Lunches and Dinners and Apperetivos, Oh My!

I've been in this small town, Proviglia or ...something, just outside of Brescia, for a couple days.  Our camp has been running very well.  We arrived an learned we'd have four high school-aged helpers. Between them, the camp directors, and us, we almost have as many adults as kids.  My group is between 9 and 14, and a solid bunch as usual.  Most speak English well enough to joke around with and such.  We're planning a sketch show, water balloon games, and other summer camp-y things.

My family here is amazing.  There are several brothers (and their respectives wives and families), a sister, and a nonna, whose house I'm staying in.  Nonna keeps me overfed, as I imagine Italian grandmothers have to by law.  Marco, one of her son's kid, comes to camp each morning dragging a lunch bag bigger than him, filled with food for the both of us.  Today my 'snack'  was an entire melon with a whole pack of prosciutto. And that was just after I finished my sandwiches.  So, I'm pretty much at the exact spot in life I've always wanted to be in: a place where stuffing my face is seen as the polite thing to do.

Weekend activities included: visiting a 10th century monastery, eating pasta, drinking white sparkling wine that this region -- Franciacorta -- is known for, eating some of the best pizza I've had in my life, drinking limoncello, and discussing today's problems with the mafia, and Deniro bashing skulls in as Capone in 'The Untouchable.'  Tonight my family tasted me with grappa, which I was told was a homemade liquor that was banned by the government because there's a good chance you're drinking pure ethonal when you have it.  But, I was assured this was good ish right here, so I partook.  The bottle was from 1999, and drinking something that had been bottled when Clinton was still in office had a certain nice touch to it.  Or maybe that touch was just the moonshine talking.

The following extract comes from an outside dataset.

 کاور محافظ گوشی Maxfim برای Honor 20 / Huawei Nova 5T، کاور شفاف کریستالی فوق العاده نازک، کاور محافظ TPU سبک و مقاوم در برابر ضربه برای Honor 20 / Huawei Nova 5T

Fun story of the day: After hitchiking from my friend Fabrice's house in Avignon to Nice, I spent a few days bumming around the French Riviera amongst people much richer and fancier than myself.  After a few hours of walking around Montecarlo, I caught a train to Sanremo for orientation. Since I was a day early, I asked some English-speaking folks for directions to the tourist info office, where I was informed all affordable sleeping options were booked for the weekend.  Rather than paying over 100 euros for a room, I opted for reading 'The Kite Runner' on a bench until 1am and then sleeping in a plaza on turf (like putt-putt golf grass).  I figured if families with baby strollers were okay sitting by me at 2 in the morning, then it was a safe place and people generally agreed I wasn't too creepy to trust around kids.  My only company was a drunk man who, having finished gambling at the local casino, tried convincing me to catch a 5 am train to Milan with him. Next day I met my orientation leaders, only to learn that it was them that I had stopped for directions, and that I totally could have spent the night on their apt. floor.  Bummer.  But an experience, nonetheless.

Now it's late, I've used up the only access to Internet I'll have a good while, and so I'm off to panic about how I'll get through several hours of lesson plans with kids tomorrow.